Pourquoi en serait-il différemment de mes seins ? Parce que, comme une barbe, elle constitue un signe sexuel secondaire ? Je ne vois pas de raison valable pour qu’une partie de mon corps soit décrétée si hautement sexuelle qu’il ne suffise pas seulement de la couvrir pudiquement mais qu’il faille aller jusqu’à la contraindre physiquement à l’immobilité dans une forme spécifique. Personne ne conseille aux hommes de porter des soutiens-couilles pour leur éviter le scrotum-en-gant-de-toilette.

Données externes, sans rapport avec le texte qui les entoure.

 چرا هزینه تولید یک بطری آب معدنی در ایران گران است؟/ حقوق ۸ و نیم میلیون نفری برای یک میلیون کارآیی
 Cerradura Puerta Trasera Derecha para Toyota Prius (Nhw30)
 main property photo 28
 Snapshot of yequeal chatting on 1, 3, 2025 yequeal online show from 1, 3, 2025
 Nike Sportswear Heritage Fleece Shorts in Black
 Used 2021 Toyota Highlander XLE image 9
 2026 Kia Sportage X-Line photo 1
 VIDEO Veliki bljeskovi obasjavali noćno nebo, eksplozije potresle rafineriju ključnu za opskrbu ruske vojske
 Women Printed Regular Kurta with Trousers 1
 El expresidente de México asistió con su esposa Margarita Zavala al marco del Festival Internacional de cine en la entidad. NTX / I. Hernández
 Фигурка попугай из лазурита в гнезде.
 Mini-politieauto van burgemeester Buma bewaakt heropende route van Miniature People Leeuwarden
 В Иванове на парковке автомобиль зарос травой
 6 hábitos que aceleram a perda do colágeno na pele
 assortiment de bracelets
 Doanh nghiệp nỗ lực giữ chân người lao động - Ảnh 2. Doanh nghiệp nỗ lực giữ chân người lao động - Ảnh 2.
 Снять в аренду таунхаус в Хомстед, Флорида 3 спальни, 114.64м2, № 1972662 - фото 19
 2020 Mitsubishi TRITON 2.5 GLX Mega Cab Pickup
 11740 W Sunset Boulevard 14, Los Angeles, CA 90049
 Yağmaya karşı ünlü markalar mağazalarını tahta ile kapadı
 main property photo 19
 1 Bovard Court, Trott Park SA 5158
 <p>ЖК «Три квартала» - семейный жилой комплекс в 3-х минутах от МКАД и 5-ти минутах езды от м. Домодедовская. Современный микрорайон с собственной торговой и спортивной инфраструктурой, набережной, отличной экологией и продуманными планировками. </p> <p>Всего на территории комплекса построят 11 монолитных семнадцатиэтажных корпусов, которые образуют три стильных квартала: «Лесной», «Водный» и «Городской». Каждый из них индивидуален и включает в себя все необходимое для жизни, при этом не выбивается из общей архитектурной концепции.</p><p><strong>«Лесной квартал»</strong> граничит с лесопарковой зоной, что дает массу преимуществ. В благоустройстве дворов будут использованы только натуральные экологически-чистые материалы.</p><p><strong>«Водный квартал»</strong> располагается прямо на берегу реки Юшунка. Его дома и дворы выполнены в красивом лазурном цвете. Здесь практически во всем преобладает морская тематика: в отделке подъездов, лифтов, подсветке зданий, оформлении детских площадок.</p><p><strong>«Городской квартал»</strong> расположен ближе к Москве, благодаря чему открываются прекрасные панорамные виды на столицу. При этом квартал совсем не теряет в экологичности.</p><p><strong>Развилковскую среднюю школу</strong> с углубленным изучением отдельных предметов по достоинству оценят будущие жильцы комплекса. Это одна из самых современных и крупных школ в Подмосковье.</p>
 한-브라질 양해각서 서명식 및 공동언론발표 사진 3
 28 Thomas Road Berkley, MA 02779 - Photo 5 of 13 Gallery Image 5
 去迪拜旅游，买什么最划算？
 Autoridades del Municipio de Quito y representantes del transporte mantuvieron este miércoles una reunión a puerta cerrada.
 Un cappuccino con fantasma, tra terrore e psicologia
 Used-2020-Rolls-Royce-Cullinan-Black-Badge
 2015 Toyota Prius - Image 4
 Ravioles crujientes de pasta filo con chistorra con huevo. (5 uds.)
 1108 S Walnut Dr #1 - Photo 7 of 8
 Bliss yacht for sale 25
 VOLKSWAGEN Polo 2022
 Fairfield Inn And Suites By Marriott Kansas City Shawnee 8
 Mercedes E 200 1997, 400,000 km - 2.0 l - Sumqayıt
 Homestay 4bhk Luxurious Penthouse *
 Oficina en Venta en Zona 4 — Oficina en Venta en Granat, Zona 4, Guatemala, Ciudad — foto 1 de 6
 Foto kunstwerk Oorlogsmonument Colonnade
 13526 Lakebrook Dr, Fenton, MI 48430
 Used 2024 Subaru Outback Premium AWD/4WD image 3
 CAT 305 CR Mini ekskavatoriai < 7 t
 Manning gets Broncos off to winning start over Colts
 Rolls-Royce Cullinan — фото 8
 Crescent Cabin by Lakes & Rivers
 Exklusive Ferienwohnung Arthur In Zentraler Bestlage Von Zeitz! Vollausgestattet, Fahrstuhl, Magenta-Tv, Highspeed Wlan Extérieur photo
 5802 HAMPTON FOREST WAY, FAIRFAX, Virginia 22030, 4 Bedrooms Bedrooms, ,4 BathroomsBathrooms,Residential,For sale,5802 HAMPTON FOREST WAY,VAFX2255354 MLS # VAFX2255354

Quand mes seins, mes cuisses, mon cul, mes bras, mes jambes et mes cheveux se balancent parce que je me déplace, cela n’a pas de raison d’être indécent. Par ailleurs, soyons honnêtes : nous avons tous des tétons, et lorsqu’ils pointent, une épaisseur de tissu de plus n’y change pas grand chose.

Et c’est sexuel ? C’est pour plaire ?

 Jean-Germain Drouais - Les hommes aussi ont des tétons. Jean-Germain Drouais – “Torse d’homme renversé”

Si quelqu’un pose cette question, nous nous sommes très mal compris. Je ne doute pas qu’on puisse transgresser une norme pour le plaisir sexuel et l’excitation qui vont avec (et c’est très bien). Mais là, il s’agissait de quelque chose de tout à fait non sexuel, qui a trait aux contraintes sociales qui pèsent sur nos corps. Il s’agissait d’apprendre que le soutien gorge n’est qu’une option possible, alors qu’une idée pareille me semblait proprement inouïe.

Alors, pourquoi j’en remet pas ?

Ça fait (parfois) mal, ça compresse, ça coûte cher, ça ne répond pas à un besoin de santé, je préfère mes seins en forme de seins qu’en forme de soutifs, et j’en ai pourtant déjà mis tous les jours pendant plus de dix ans. Du coup, là, je n’ai aucune raison d’en porter régulièrement. J’ai opéré chirurgicalement (entendre: aux ciseaux) deux soutien-gorges que je trouve assez beaux pour en retirer les armatures. Si cela me prend, je pourrais ainsi les utiliser comme une parure, sans prétendre en faire un besoin physiologique et sans vraiment contraindre ma poitrine.

Baleines de soutien gorge Les sites de merceries offrent des baleines de soutien gorge pour quiconque voudrait au contraire en ajouter à ses soutiens-gorges trop confortables.